- [Task to complete]
Starting at the line with "Italija Hotel Selva" and stopping at the final line, retype the data below exactly; do not carry over any pictures.

- [Source data]

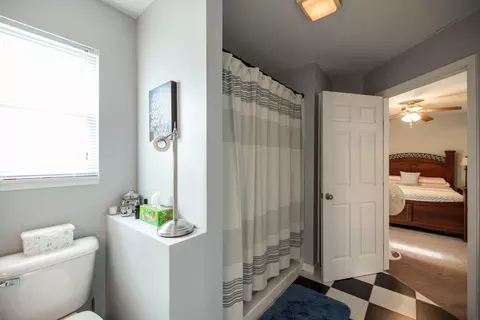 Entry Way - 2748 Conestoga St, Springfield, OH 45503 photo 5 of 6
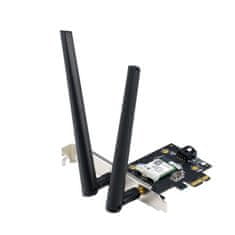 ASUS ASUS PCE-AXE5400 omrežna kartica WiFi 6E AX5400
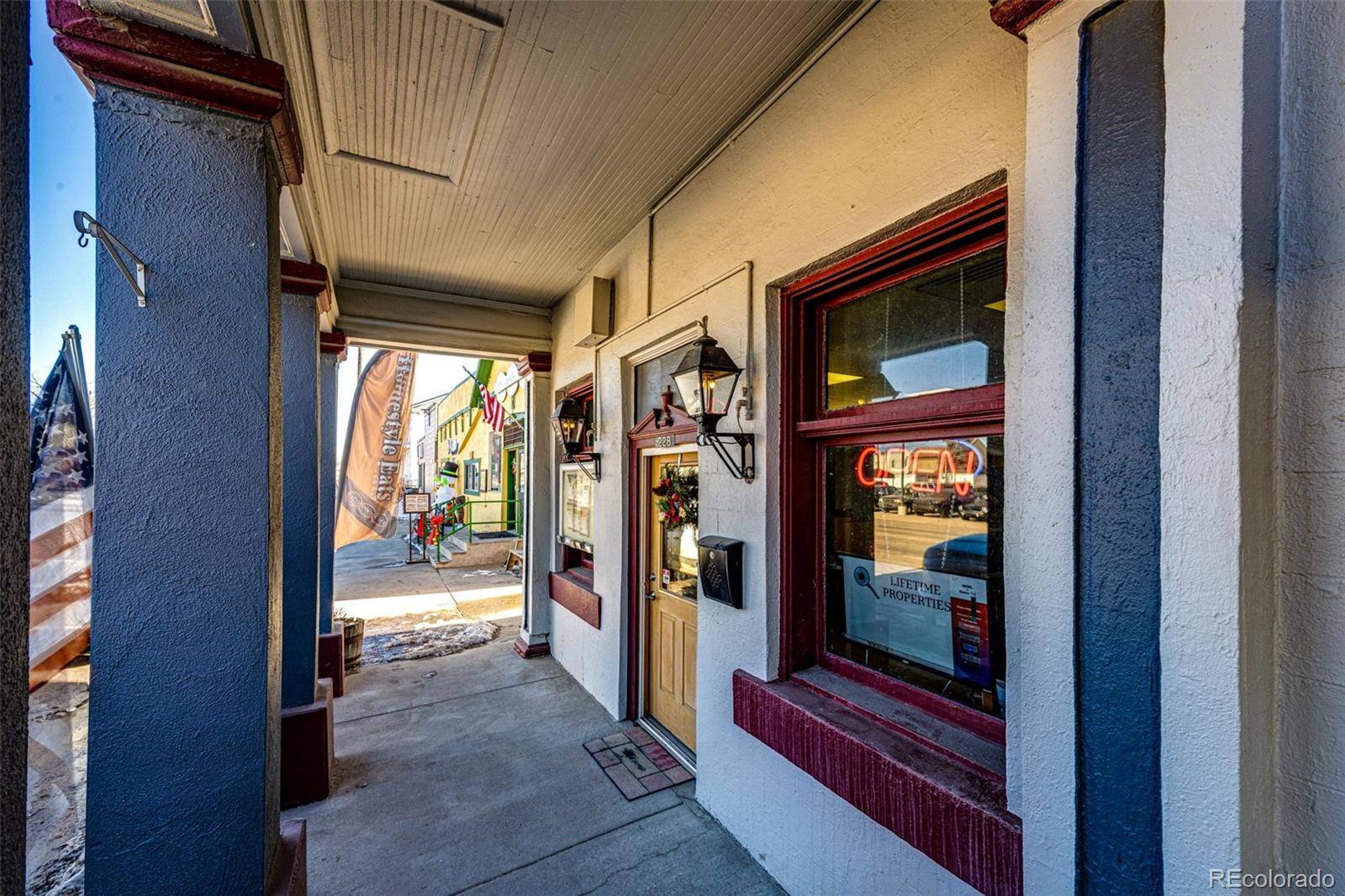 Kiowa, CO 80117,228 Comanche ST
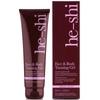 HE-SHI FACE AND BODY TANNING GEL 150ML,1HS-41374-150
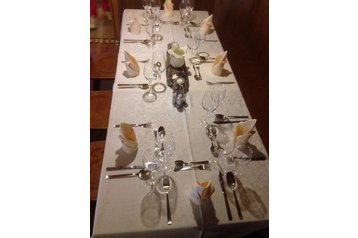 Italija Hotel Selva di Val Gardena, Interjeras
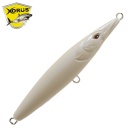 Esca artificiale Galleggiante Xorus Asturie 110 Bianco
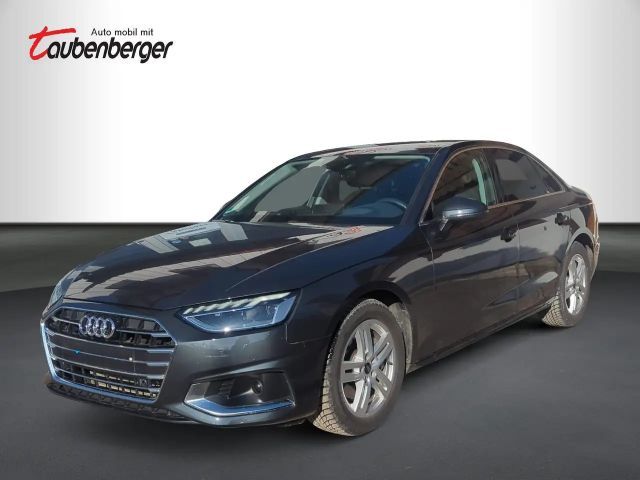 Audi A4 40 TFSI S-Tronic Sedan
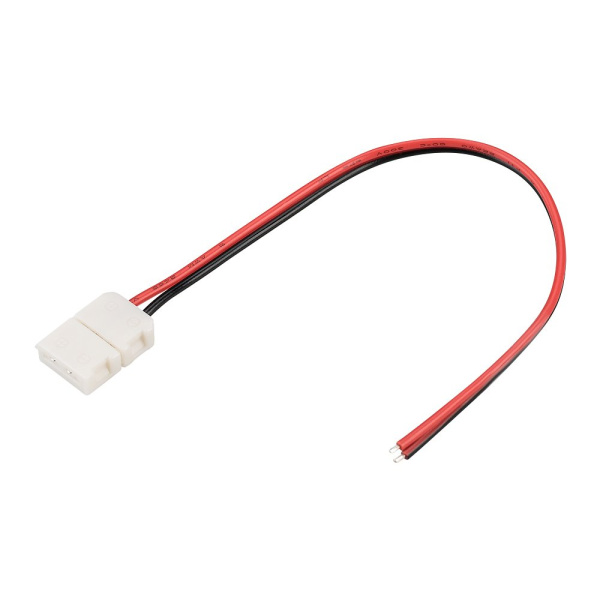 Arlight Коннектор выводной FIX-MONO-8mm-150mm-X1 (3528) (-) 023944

- [Answer to the exercise]
 Italija Hotel Selva di Val Gardena, Interjeras
 Esca artificiale Galleggiante Xorus Asturie 110 Bianco
 Audi A4 40 TFSI S-Tronic Sedan
 Arlight Коннектор выводной FIX-MONO-8mm-150mm-X1 (3528) (-) 023944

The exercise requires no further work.